15h30
Avec Julie Dollat, comédienne et Matthieu Franchin, claveciniste
Le titre de ce concert-lecture, conçu à l’occasion du 400e anniversaire de la naissance de Mme de Sévigné (1626-1696), et au cours duquel les lettres de la marquise dialogueront avec des pièces de clavecin de la même époque, en reflète l’ambition : il s’agit d’expliciter le mode de fonctionnement spécifiquement rhétorique qui, au XVIIe siècle, est commun à l’écriture épistolaire (pensée comme une conversation entre absents destinée à faire partager pensées et émotions en dépit de la distance) et à la musique (dont la « fin » est, selon Descartes, « de mouvoir en nous diverses passions »).
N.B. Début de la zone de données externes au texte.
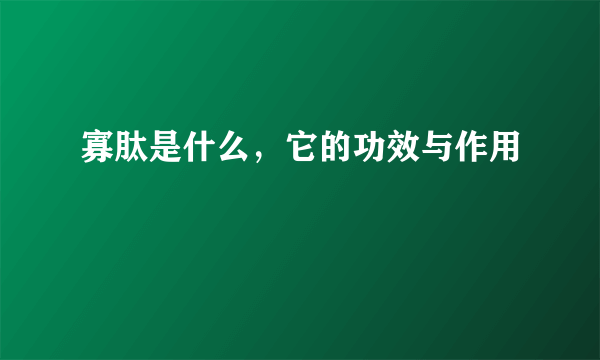 寡肽是什么，它的功效与作用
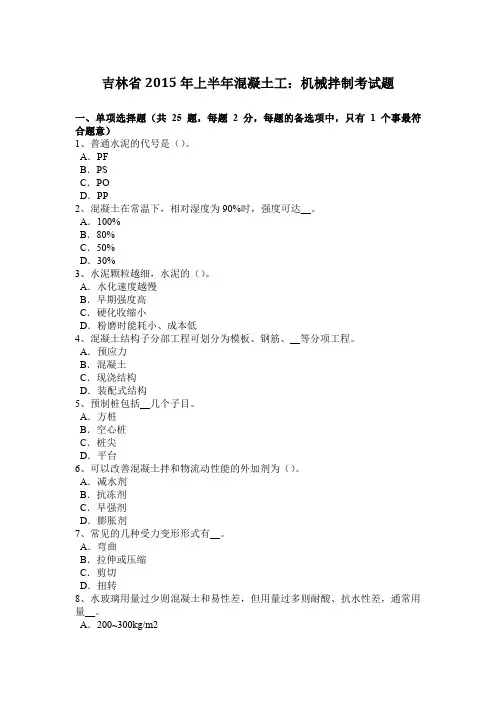 吉林省2015年上半年混凝土工：机械拌制考试题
Certes, il est désormais admis que tout au long de l’Ancien Régime, « l’empire du modèle rhétorique déborde largement les frontières de la littérature ou même du langage verbal et investit presque toutes les disciplines » (C. La Charité). Pourtant, à l’heure où semble incontestée la légitimité de la démarche qui consiste à solliciter des grilles de lecture rhétoriques pour rendre compte des effets produits par les œuvres appartenant notamment au théâtre ou à la poésie, force est de constater que les textes relevant du genre épistolaire ne sont que très rarement appréhendés sous cet angle. Cela est d’autant plus surprenant que non seulement les pratiques épistolaires sont codifiées par des manuels de rhétorique (qui enseignent par exemple comment donner au discours plus de grâce, plus de force ou encore plus d’agrément), mais encore que les lettres sont généralement lues à haute voix pour quelques membres de l’entourage, invités à éprouver et à goûter les effets produits par le style (la variété des styles étant comparée à la variété des visages).
Invitant à renouer avec des modes de réception et de perception que nous avons perdus de vue depuis l’époque de Mme de Sévigné, ce concert-lecture offre l’occasion de nous interroger sur l’historicité de nos modes de lecture (les habitudes critiques actuelles se situent davantage du côté de l’herméneutique que de la rhétorique) et, en fin de compte, de nos manières de ressentir – c’est-à-dire, pour reprendre les termes du XVIIe siècle, d’être touché et emporté.